The Science Behind Sleeping
In modern society, there are many essential behaviors that are often overlooked. Due to the frenetic speed of our lives, we often pay little attention to the basic needs of our body such as eating, drinking, exercising or sleeping properly. We know that a good diet, along with exercise and ergonomics are important in maintaining a healthy body. While the science behind these daily practices are key areas of research, this article will touch on the importance of a good night’s sleep.
The health benefits of being seated while eating and exercising regularly have been thoroughly studied and are supported by plenty of consistent data. However, even though it is common knowledge that we can’t live without sleep, there is not as much concern about the importance of a good night’s rest.
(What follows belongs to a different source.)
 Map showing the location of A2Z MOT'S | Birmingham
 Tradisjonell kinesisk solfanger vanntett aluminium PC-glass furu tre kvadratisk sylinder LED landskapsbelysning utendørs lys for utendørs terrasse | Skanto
In fact, it has become normal to be sleep deprived almost every day, and many people are now dependent on caffeine to keep themselves awake during the day.
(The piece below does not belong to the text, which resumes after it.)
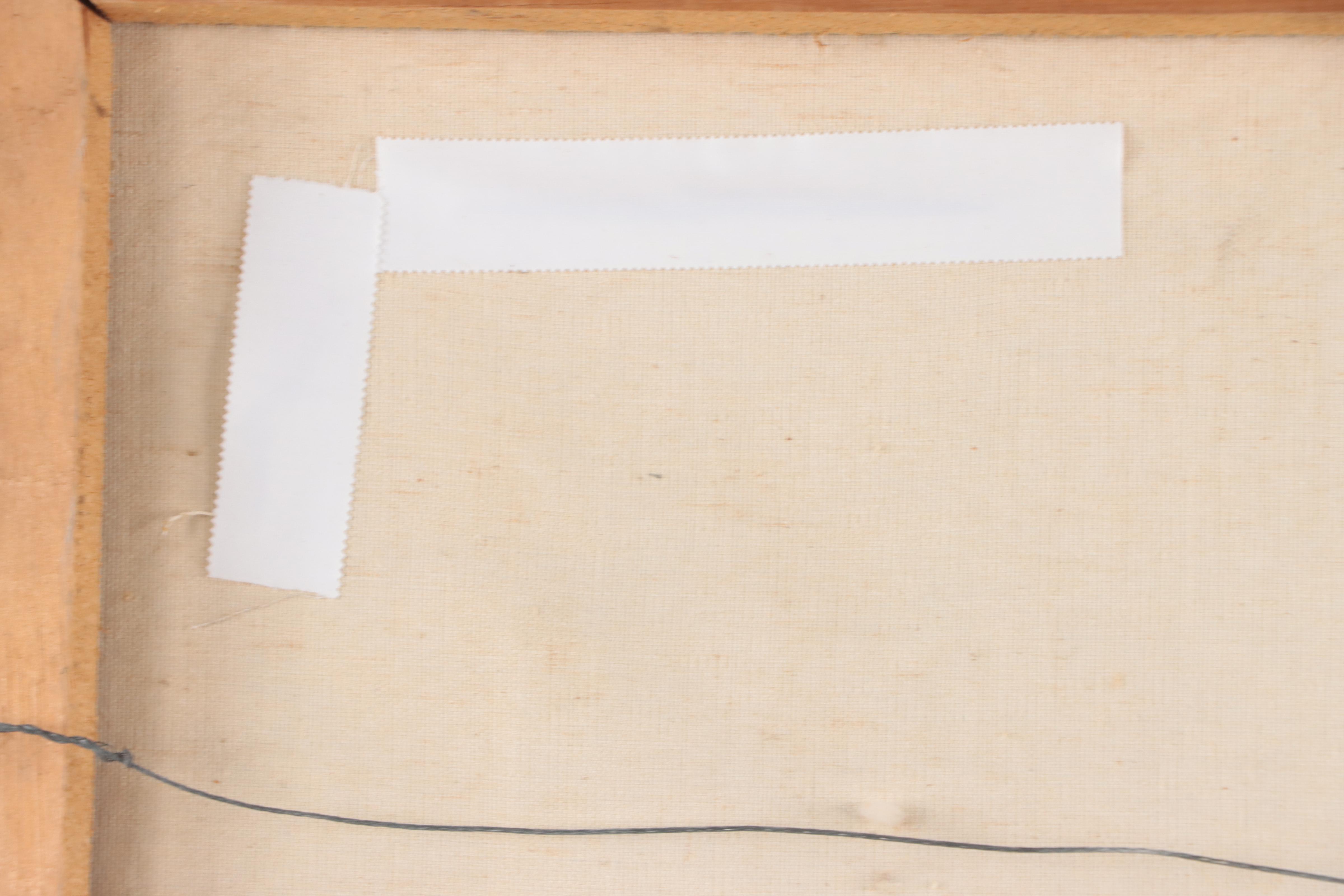 Philip Hicken Abstract Harbor Scene Oil Painting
Related: Coffee – The Benefits and Risks
Neuroscientist and ‘Sleep Diplomat’, Dr. Matthew Walker, has spent a large part of his career researching the importance of sleep and the consequences of sleep deprivation on our brains in an effort to unravel the core reason of why we sleep. In this article, we will introduce you to a short and quick synthesis of his work.
Table of Contents
What Does It Mean To Be Asleep?
How can we tell that a brain is in its sleeping state? This may sound like a simple question, but intriguingly, we do not actually know what goes on in our brains to achieve that state of unconsciousness that we call sleep.
Our brains are complex structures made up of billions of elongated cells called neurons. These neurons ‘communicate’ among themselves by relaying a series of chemical and electric signals, or pulses. A constant myriad of these pulses is what gives us brain activity; brain waves are the patterns generated by this activity and we use methods like electroencephalography (EEG) to visualize them by converting the electric pulses into graphs like the ones shown in the figure below.
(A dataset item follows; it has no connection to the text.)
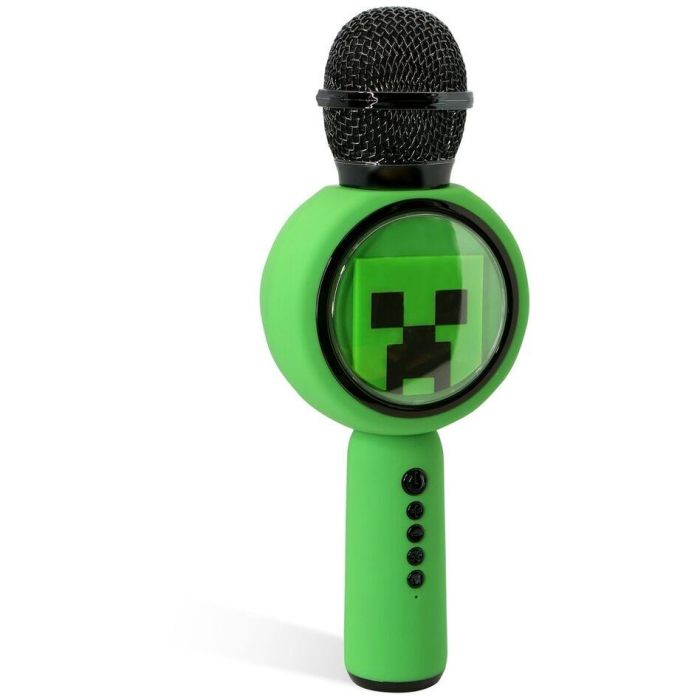 Microfono altavoz LED Minecraft 5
The greater the brain activity, the lower the amplitude and the higher the frequency of the wave. Essentially, the more awake you are, the narrower and taller your waves will appear. Actions like the processing of images through your eyes or the simple movement of your muscles all produce their own signals which simultaneously contribute to the brain waves of the awake state.
There is an entire classification system for brain waves. In the figure below, we can see that the brain waves of sleeping adults, theta and delta, are relaxed and smooth as opposed to the waves corresponding to when we are awake.
Our Brains Don’t Actually Sleep
Scientists have identified different phases which occur during the period that we call sleep. One which you have probably heard of before is the Rapid Eye Movement, or REM, phase. During REM sleep, our memories of the day are replayed repeatedly by our brains. In simpler terms, our brains spend most of their time gathering fresh information while we are awake, and it is only when we sleep that our brains can ‘sit down and review their notes’.
REM sleep is essential for survival, as has been shown in rats. Depriving them of REM sleep (rudely awakened just as they were entering this state) for an extended period caused death in laboratory experiments.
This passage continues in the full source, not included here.